Erneut keine Transparenz im Expertenstreit wegen Baurisiko im Anhydrit. Bahn veröffentlicht nur Argumente ihres Tunnelbausachverständigen

Vorgestern fand die von den Projektpartnern der Bahn  beantragte Sondersitzung des Lenkungskreises über die Baurisiken im Anhydrit statt. Wie in den Medien zu lesen war, konnte die Bahn und ihr Sachverständiger die Projektpartner und die Gegengutachter nicht überzeugen. Die Stuttgarter Zeitung (hier) schreibt:

„Während Walter Wittke, der Tunnelbausachverständige der PSU, darauf abhob, dass es jahrzehntelange Erfahrung im Umgang mit dem schwierigen Untergrund gebe und die Gefahren beherrschbar seien, bleiben die Schweizer Experten, die ein Gutachten im Auftrag des Bahn-Aufsichtsrats erstellt hatten, auf dem Standpunkt, dass es keine Methode gebe, die absolute Sicherheit biete. Sie schätzen die Eintrittswahrscheinlichkeit auf zwischen 0,5 und 13 Prozent ein. Für den Verkehrsminister steht deshalb fest: „Wir müssen weiter kritisch drauf blicken. Wenn der Feuerbacher Tunnel auf Zeit gesperrt werden muss, ist der Bahnhof nicht funktionsfähig“. 

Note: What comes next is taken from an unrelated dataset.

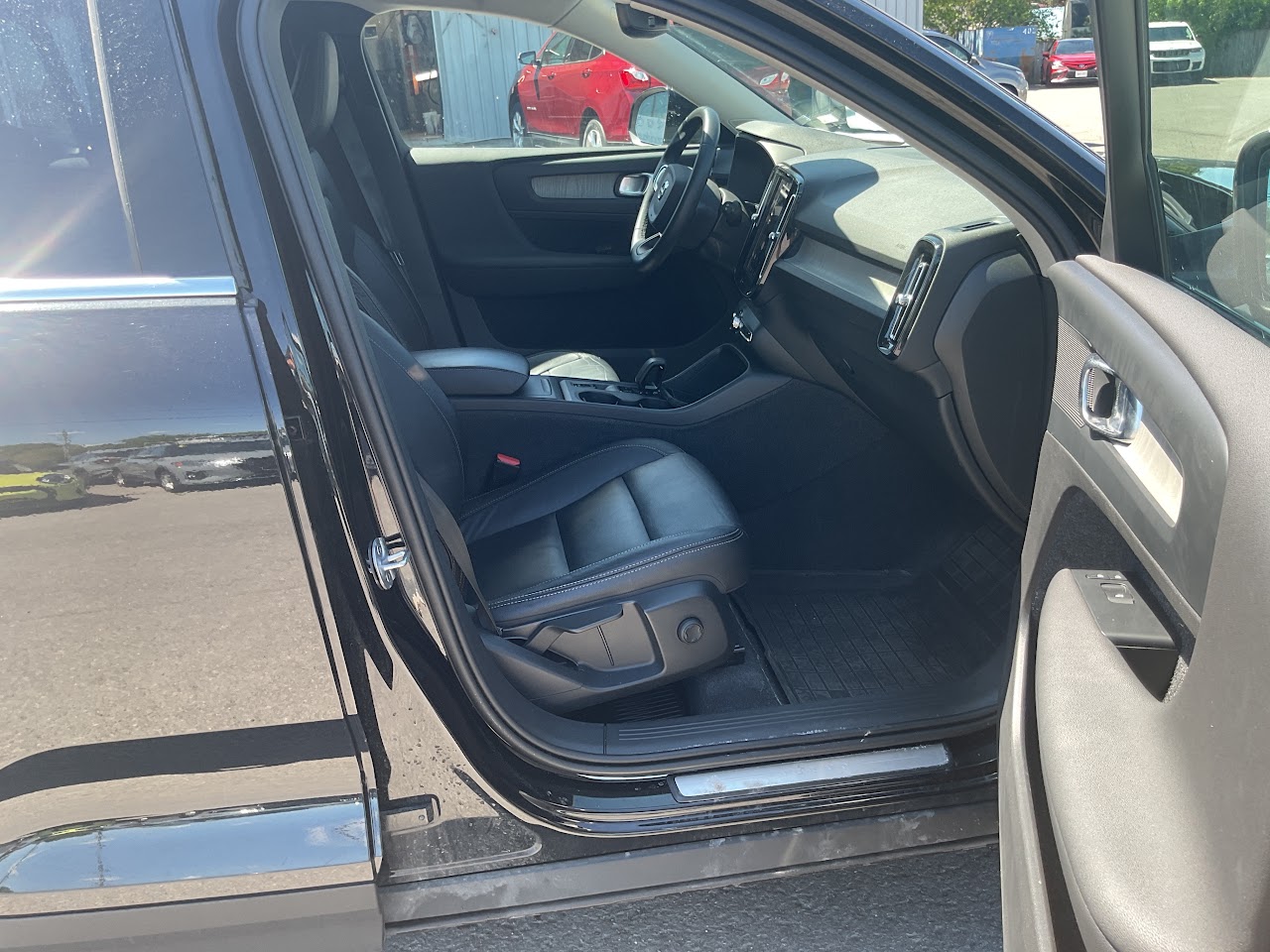 2024 Volvo XC40 — photo 22 of 36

Weiterhin ist das vom Aufsichtsrat der DB AG in Auftrag gegebene KMPG-Gutachten mit der sehr kritischen Einschätzung des renommierten Ingenieurbüros Ernst Basler + Partner über die Baurisiken des Tunnelbaus im quellfähigen Anhydrit und die damit nach ihrer Einschätzung verbundenen Bauverzögerungen bei Stuttgart 21 nicht veröffentlicht.

Gestern hat die DB Projekt Stuttgart-Ulm GmbH (PSU) die Unterlagen zur Sondersitzung des Lenkungskreises auf ihrer Webseite (hier) eingestellt. Auch in dieser Unterlage finden sich nur die Argumente der Projektgesellschaft und die ausführliche Präsentation des Tunnelbausachverständigen Prof. Dr. Walter Wittke (WBI). Vergeblich sucht man die kritischen Einwände des Ingenieurbüros Ernst Basler + Partner. Zu vermuten ist, dass deren Präsentation wie auch das KPMG-Gutachten unter Verschluss ist. So schafft die Bahn kein Vertrauen.

In der Präsentation der PSU und WBI ist ausführlich von den Sicherungsmethoden die Rede, die einen Wassereintritt in den Tunnel verhindern. Doch die Prüfer von Basler Ernst + Partner hatten bei ihrem Besuch eines Tunnel Wasserzutritt festgestellt. So schrieb die SZ in ihrem Artikel „Bahnprojekt Stuttgart 24“ : „So stellten die Prüfer bei einer Besichtigung des Tunnels Bad Cannstatt Feuchtigkeit fest. Dabei habe die Projektgesellschaft der Bahn zuvor behauptet, die Tunnel seien in der Bauphase „absolut trocken“.

Die Bahn betont in den Folien die Überwachung der Tunnelvortriebsarbeiten durch die beauftragten Experten. Die Skepsis der betroffenen Eigentümer wird nicht verringert, wenn beispielsweise im Vorfeld und während des Sprengvortriebs eventuelle Hangbewegungen an einem ausgewiesenen Rutschhang wie dem Kriegsberg wegen verschmutzter Trivec-Messtellen nicht richtig aufzeichnet wurden. Oder von Gutachtern Wassereintritt in einem eigentlich trockenen Tunnel festgestellt wurde.

WBI hat auf die Frage der Projektpartner nach dem Risiko für Schäden an darüber liegenden Gebäuden (Drittschäden) beim Bauen im Anhydrit Folgendes geantwortet:

20170202 Auszug Lenkungskreis Drittschäden

Und zur Haftung bei Drittschäden findet man in der Präsentation folgende Folie:

20170202 Auszug Lenkungskreis Haftung

Die praktische Abwicklung von Gebäudeschäden wie im Falle der Neubaustrecke und in Untertürkheim sowie am Kriegsberg zeigt jedoch, dass die Gutachter der Versicherung die Verursachung der Schäden durch den Tunnelbau erst einmal ablehnen. Damit würden die geschädigten Eigentümer auf den Kosten sitzenbleiben, wenn nicht ihr Widerspruch gegen das Gutachten zu einer Neueinschätzung der Verursachung führt. Erst recht gestaltet sich der Nachweis für die Schadensursache schwierig, wenn Jahre nach dem Vortrieb Schäden wegen Anhydritquellungen und Hebungen an der Erdoberfläche auftreten.